TASK PROMPT = Every line from the one containing "Spacious | Calm Area" to the end of the data below should be copied exactly, but pictures should not.

STUDY MATERIAL =
━━━━

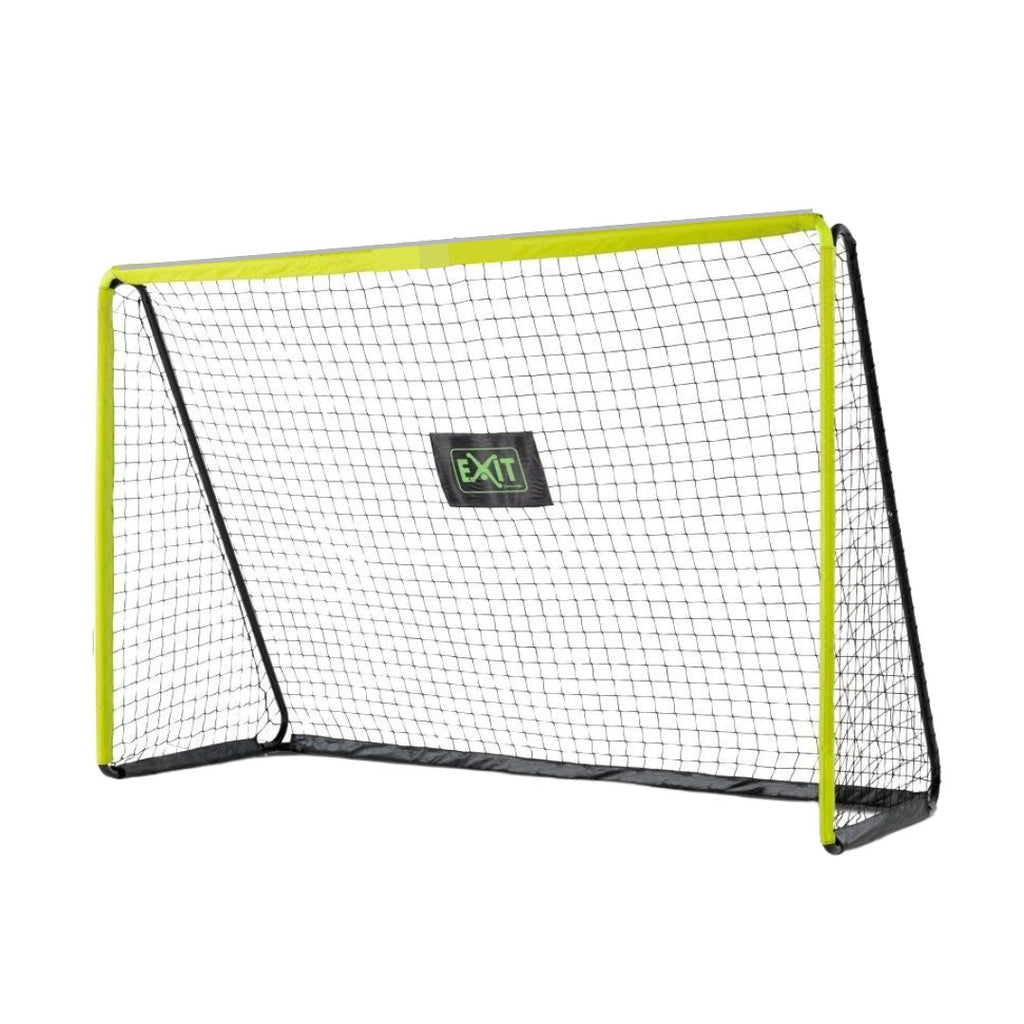 Arco Tempo 3000 | Arco de Fútbol Extra Resistente | EXIT Toys Holanda | 200x300 cm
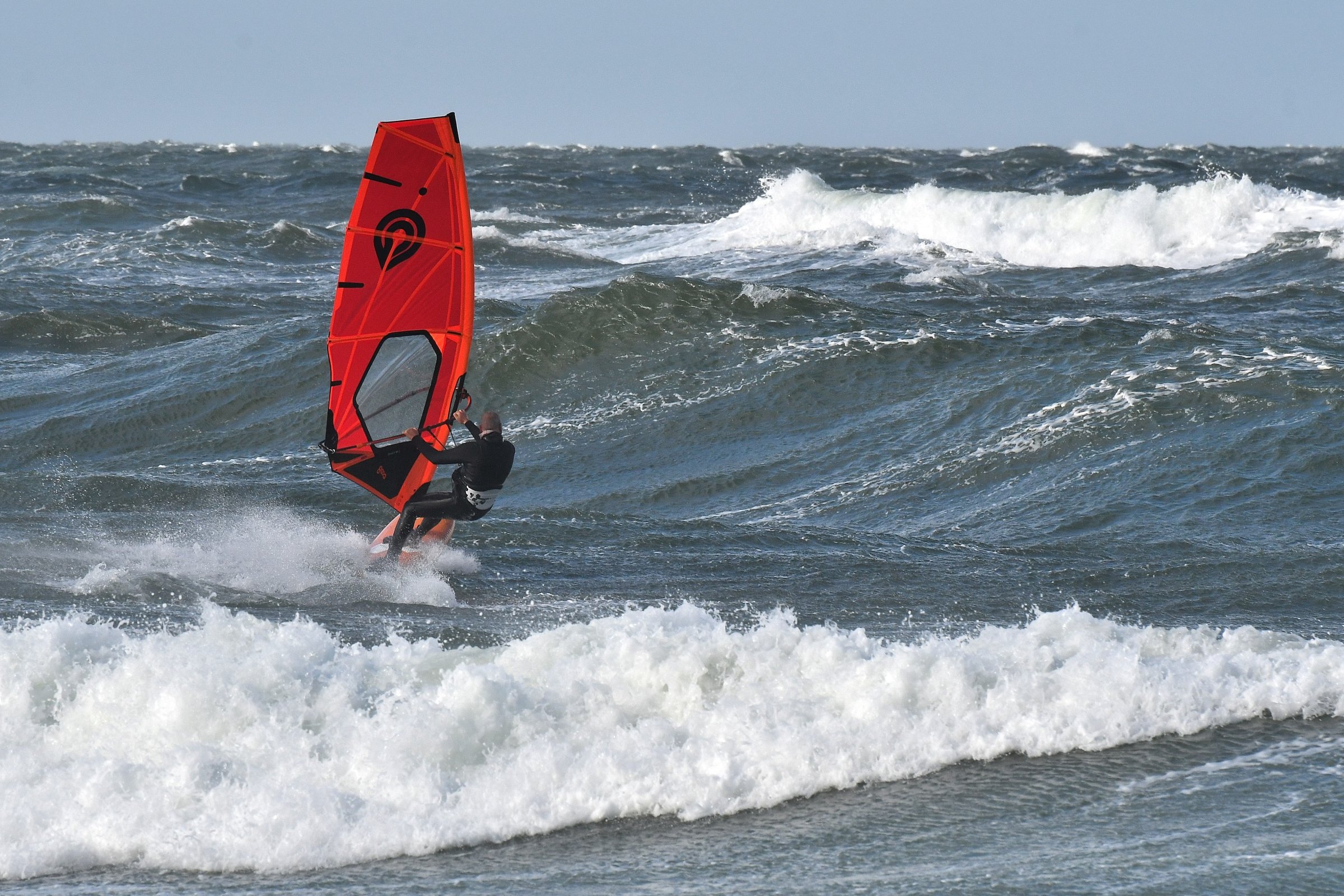 08.10.2026 - Seenot auf Sylt
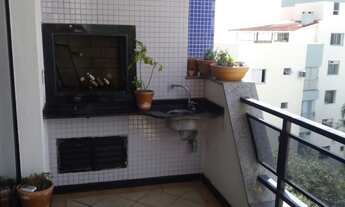 Imagem 2: Apartamento amplo com 183 m2 de área privativa com vista para a Beira Mar com 4 dorms send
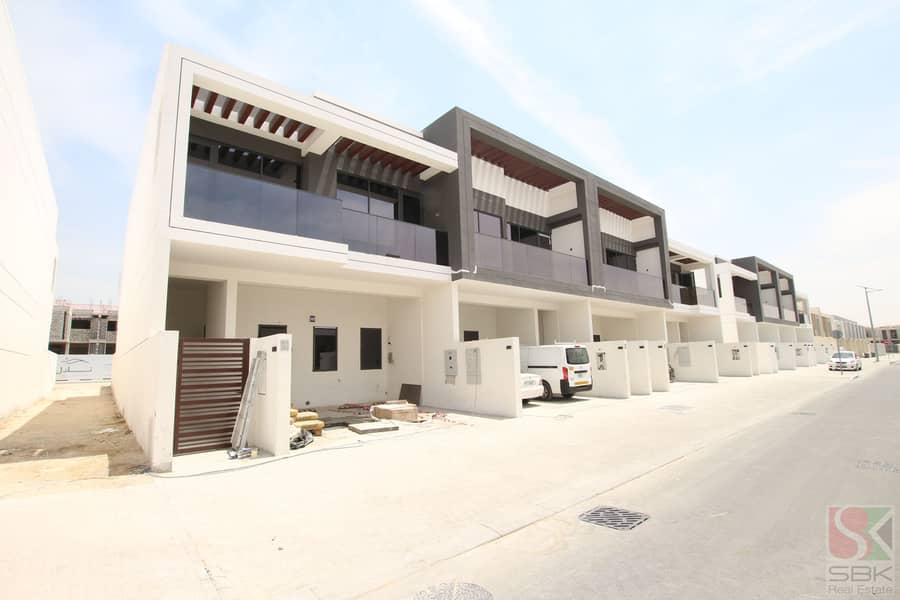 Spacious | Calm Area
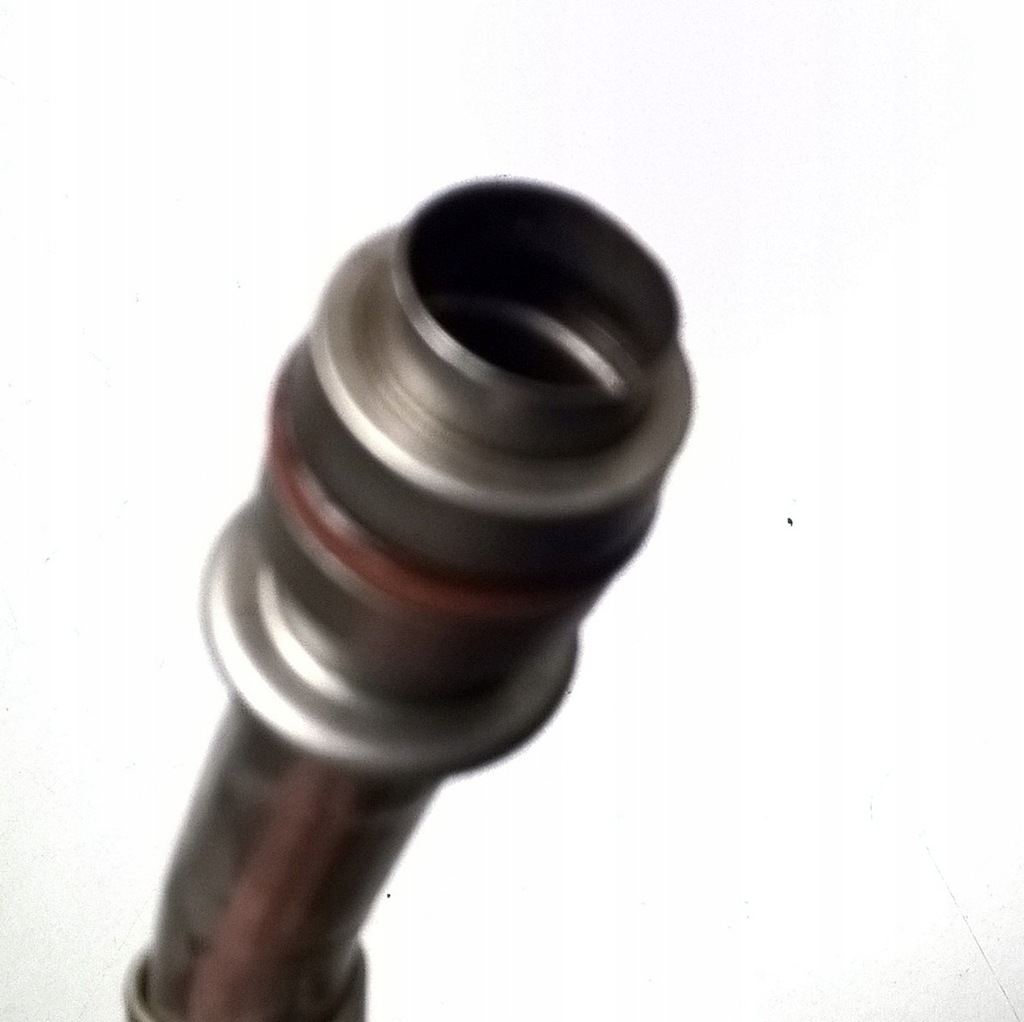 фото №7, Nissan navara iv np300 2,3dci master nv400 alaskan труба шланг масла оригинальный номер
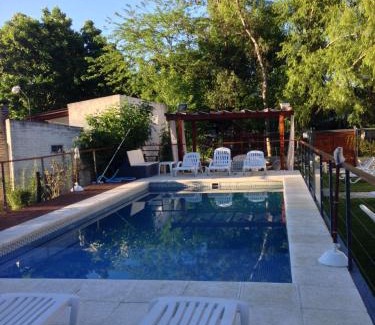 Gualeguaychu Apartment | Altos de la Costa - Gualeguaychú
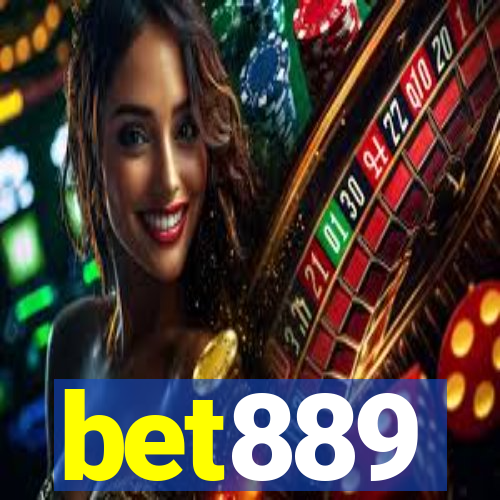 bet889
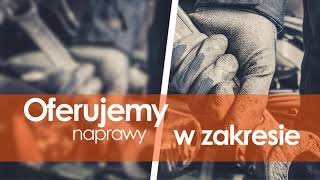 Usługi Blacharskie Golina Auto-Gradecki Grzegorz Gradecki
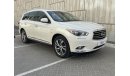 Infiniti QX60 3500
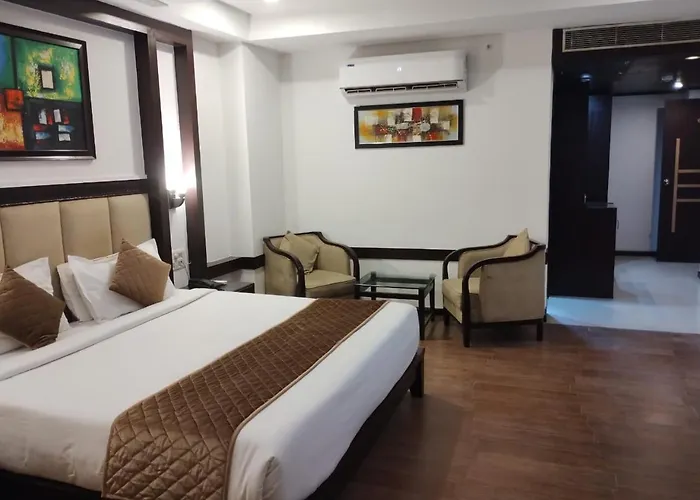 Hotel Amba International Jodhpur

━━━━

TASK SOLUTION =
 Spacious | Calm Area
 фото №7, Nissan navara iv np300 2,3dci master nv400 alaskan труба шланг масла оригинальный номер
 Gualeguaychu Apartment | Altos de la Costa - Gualeguaychú
 bet889
 Usługi Blacharskie Golina Auto-Gradecki Grzegorz Gradecki
 Infiniti QX60 3500
 Hotel Amba International Jodhpur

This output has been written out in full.